### AIM OF THE EXERCISE
Take the records below from their first line through the line holding "Poolside scene with", and set each of those lines down exactly, without pictures.

### RECORD EXCERPTS
* * * * *
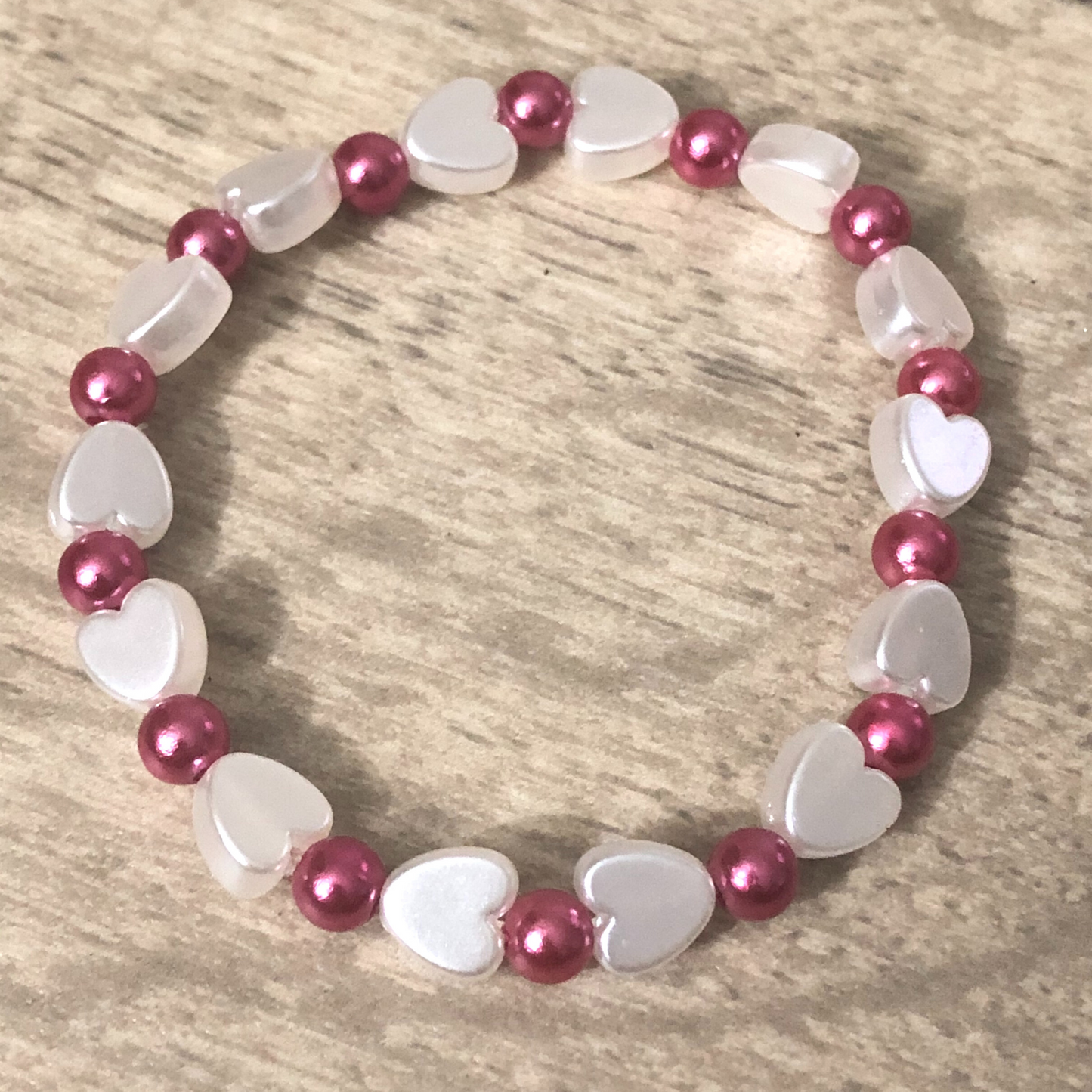 Faux pearl heart beaded stretch bracelet with pink beads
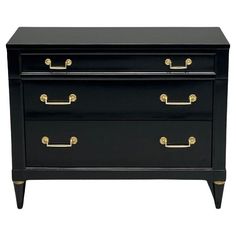 a black dresser with gold handles on it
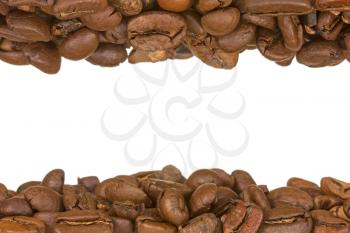 Two lines of roasted coffee beans, isolated on white background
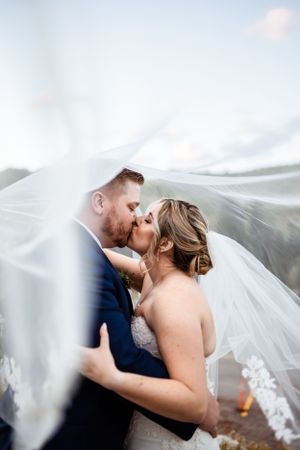 Romantic wedding couple embracing under flowing veil with soft dreamy lighting.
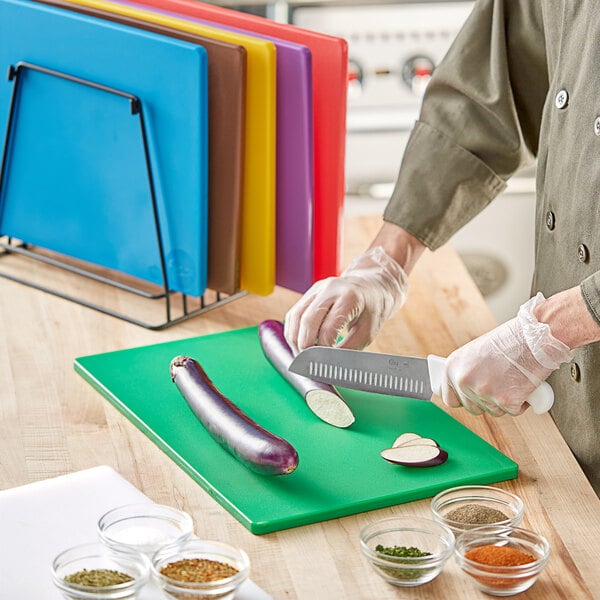 A person cutting eggplant on a Choice polyethylene cutting board.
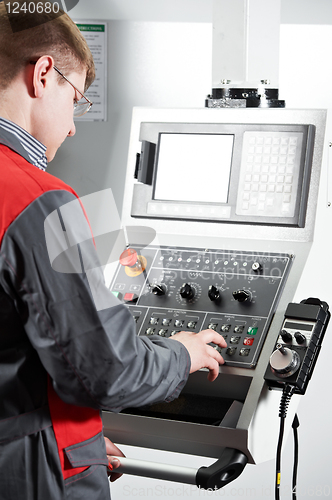 Image of worker at machining tool workshop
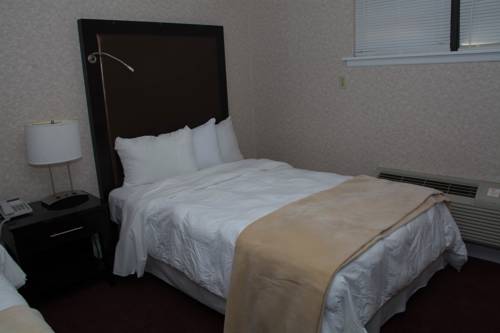 Imagen de la habitación del Hotel Atlantic Inn And Suites - Wall Township. Foto 12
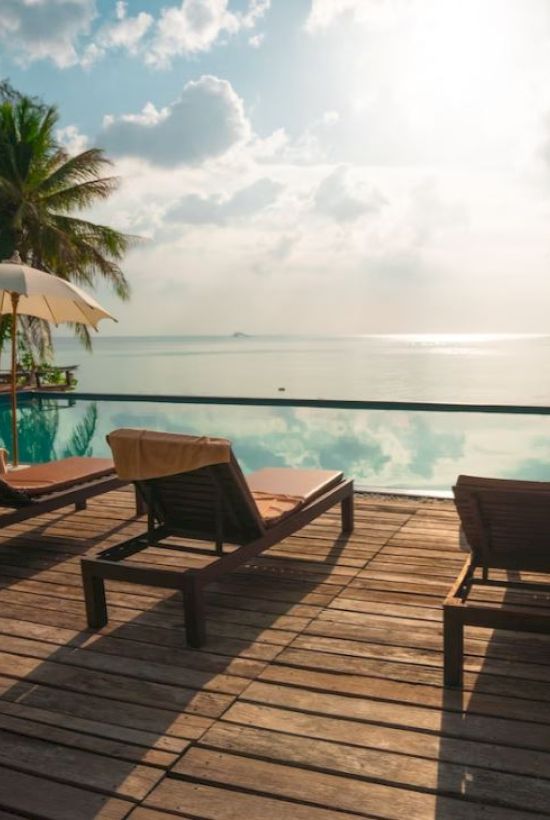 Poolside scene with lounge chairs, umbrellas, a wooden deck, and a serene view of the ocean under a partly cloudy sky.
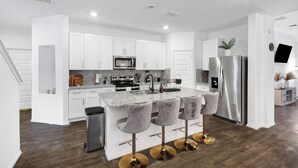 Una cocina moderna con armarios blancos, un refrigerador de acero inoxidable y una encimera de granito.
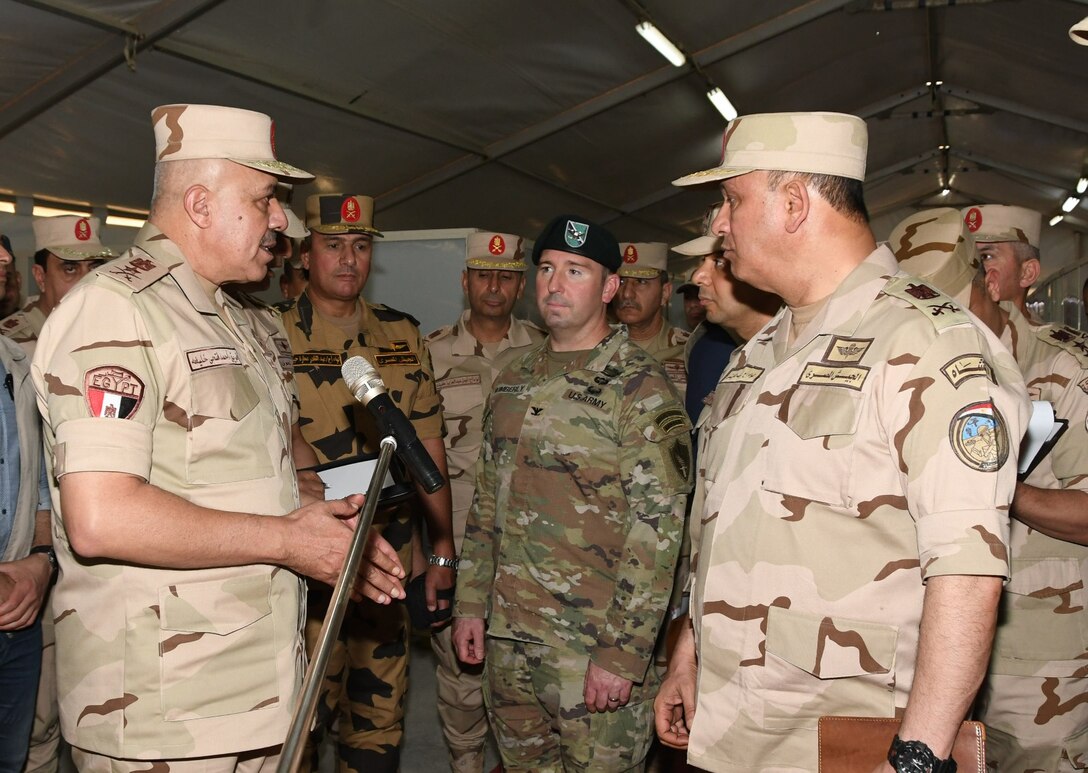 Lt. Gen. Ahmed Khalifa, Chief of Staff of the Egyptian Armed Forces, left, speaks with military personnel from friendly and partner nations participating in the BRIGHT STAR 25 Exercise at Mohamed Naguib Military Base, Aug. 26, 2025. BRIGHT STAR 25 enhances joint readiness and reinforces partner nations’ ability to integrate seamlessly in complex operational environments. By aligning tactics, techniques and procedures, U.S. and partner forces increase their capacity to deter aggression, improving lethality, confidence, and cohesion among multinational service members. (Courtesy photo Department of Morale Affairs, Egyptian Armed Forces – Caption writer, U.S. Central Command Maged Benjamin-Elias)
* * * * *
### ANSWER FOR THE TASK
 Faux pearl heart beaded stretch bracelet with pink beads
 a black dresser with gold handles on it
 Two lines of roasted coffee beans, isolated on white background
 Romantic wedding couple embracing under flowing veil with soft dreamy lighting.
 A person cutting eggplant on a Choice polyethylene cutting board.
 Image of worker at machining tool workshop
 Imagen de la habitación del Hotel Atlantic Inn And Suites - Wall Township. Foto 12
 Poolside scene with lounge chairs, umbrellas, a wooden deck, and a serene view of the ocean under a partly cloudy sky.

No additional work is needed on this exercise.